[Saved entries]

★ ★ ★

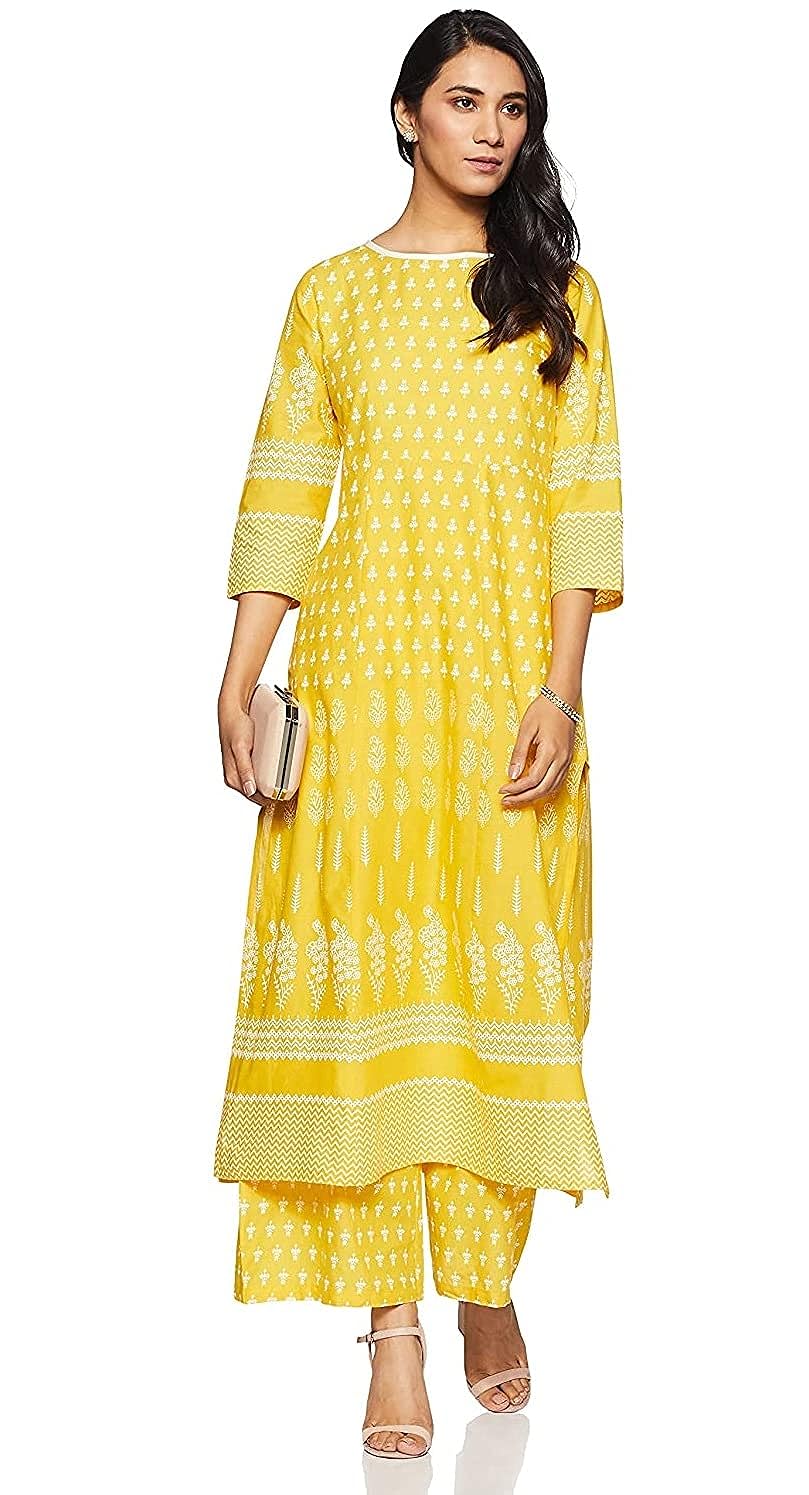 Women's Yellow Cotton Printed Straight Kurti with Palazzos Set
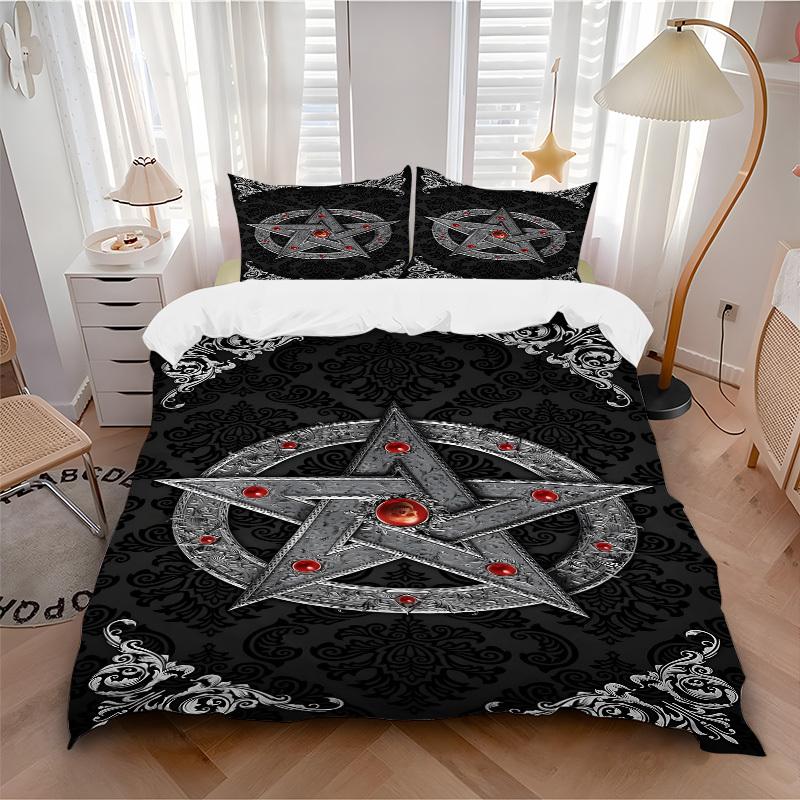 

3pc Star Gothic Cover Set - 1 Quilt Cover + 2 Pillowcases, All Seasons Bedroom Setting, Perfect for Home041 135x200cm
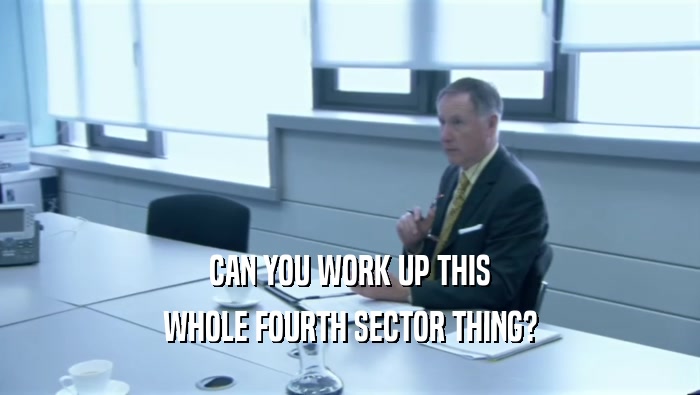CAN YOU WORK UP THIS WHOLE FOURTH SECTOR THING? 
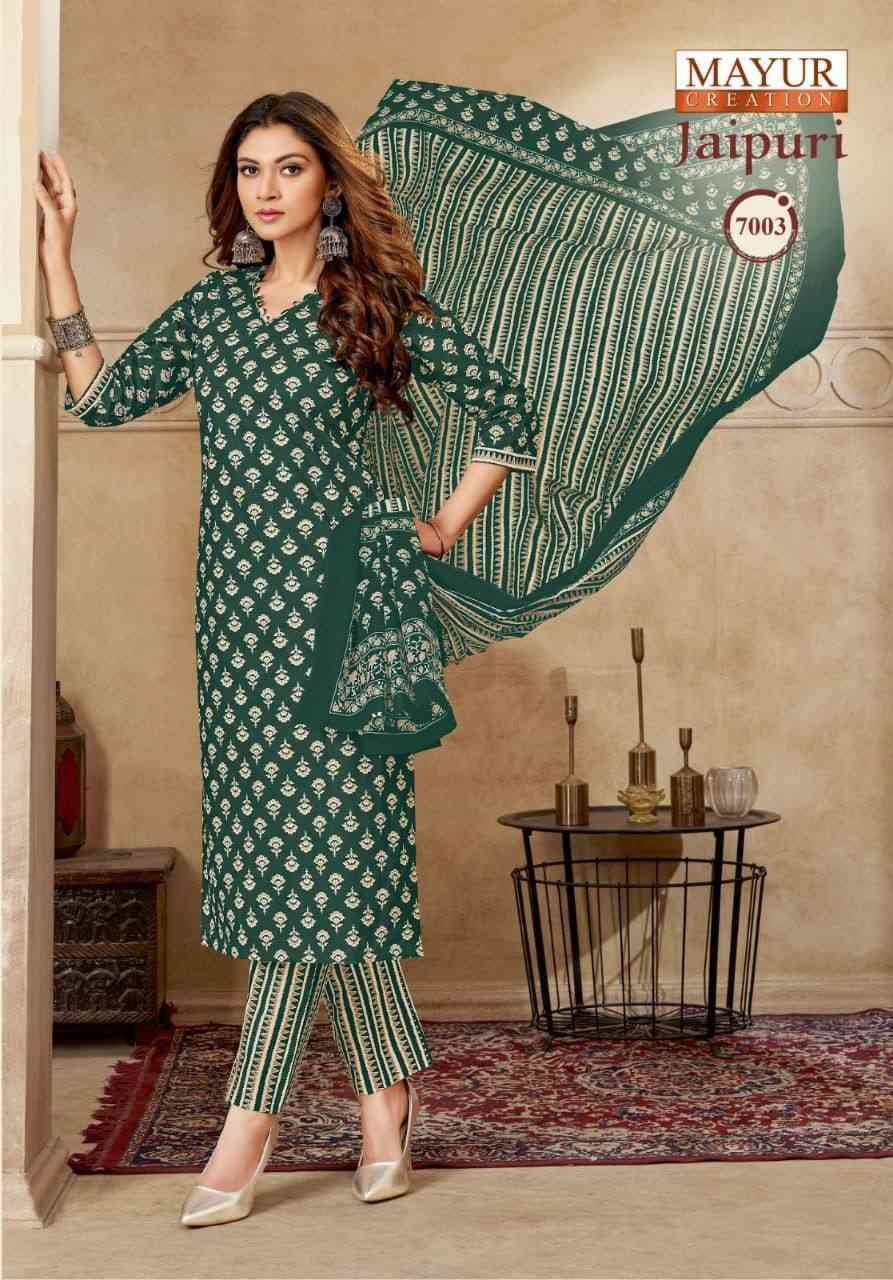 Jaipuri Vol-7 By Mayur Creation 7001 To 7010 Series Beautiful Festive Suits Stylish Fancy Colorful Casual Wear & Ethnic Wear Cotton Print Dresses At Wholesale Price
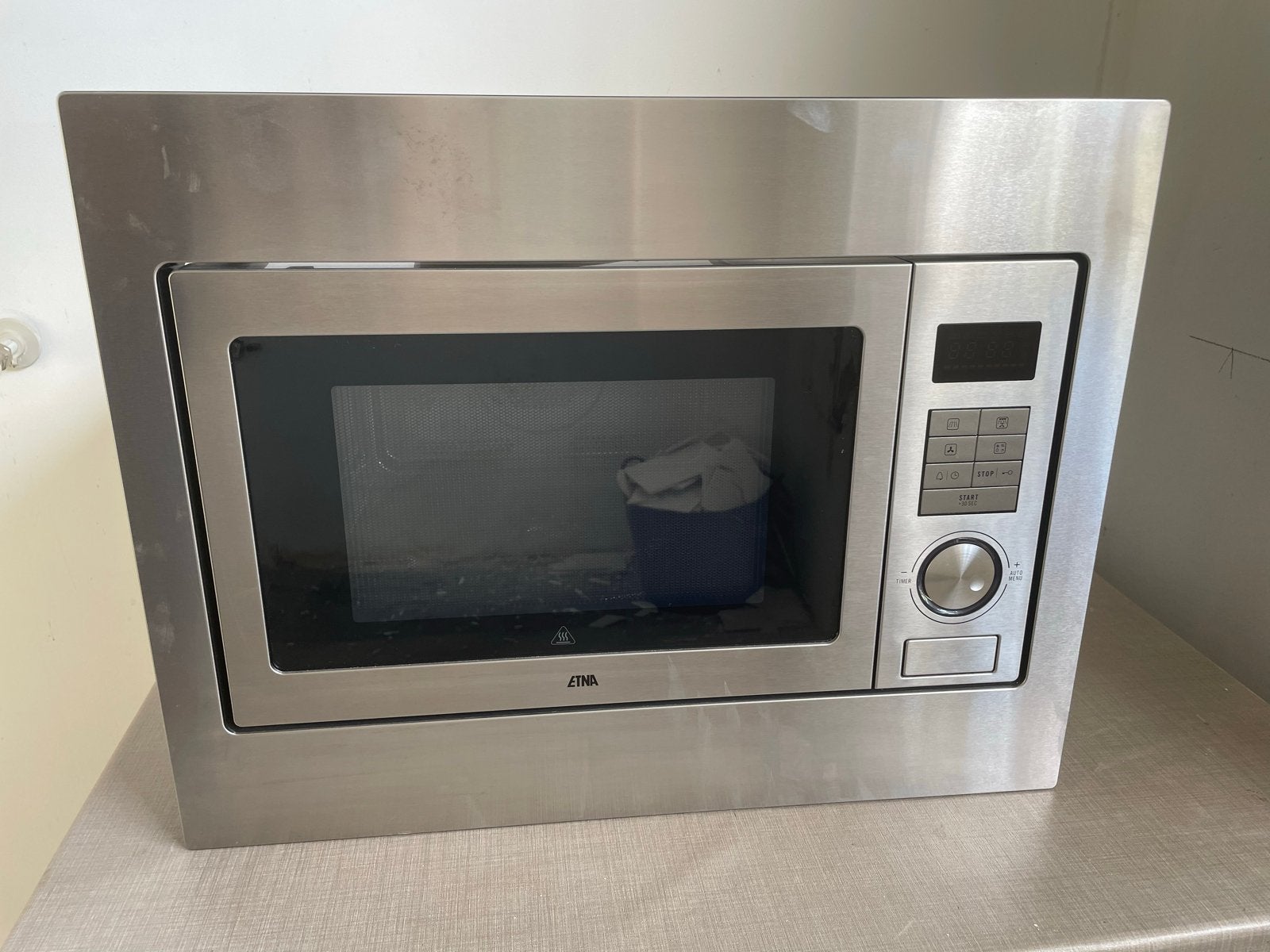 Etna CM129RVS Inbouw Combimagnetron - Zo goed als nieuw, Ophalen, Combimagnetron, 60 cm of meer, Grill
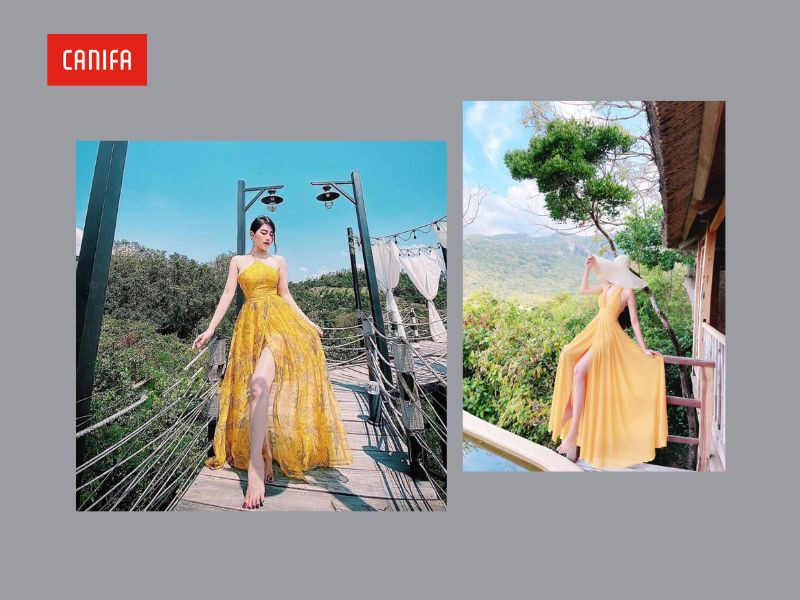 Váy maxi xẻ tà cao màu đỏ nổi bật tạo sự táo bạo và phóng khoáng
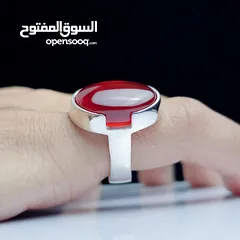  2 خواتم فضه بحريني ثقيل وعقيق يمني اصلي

★ ★ ★

• [HOW TO COMPLETE THIS TASK]
The answer must be an exact copy of the lines from the one that holds "Váy maxi xẻ" through the end of the data, both included, with no pictures.

• [ANSWER SECTION]
 Váy maxi xẻ tà cao màu đỏ nổi bật tạo sự táo bạo và phóng khoáng
  2 خواتم فضه بحريني ثقيل وعقيق يمني اصلي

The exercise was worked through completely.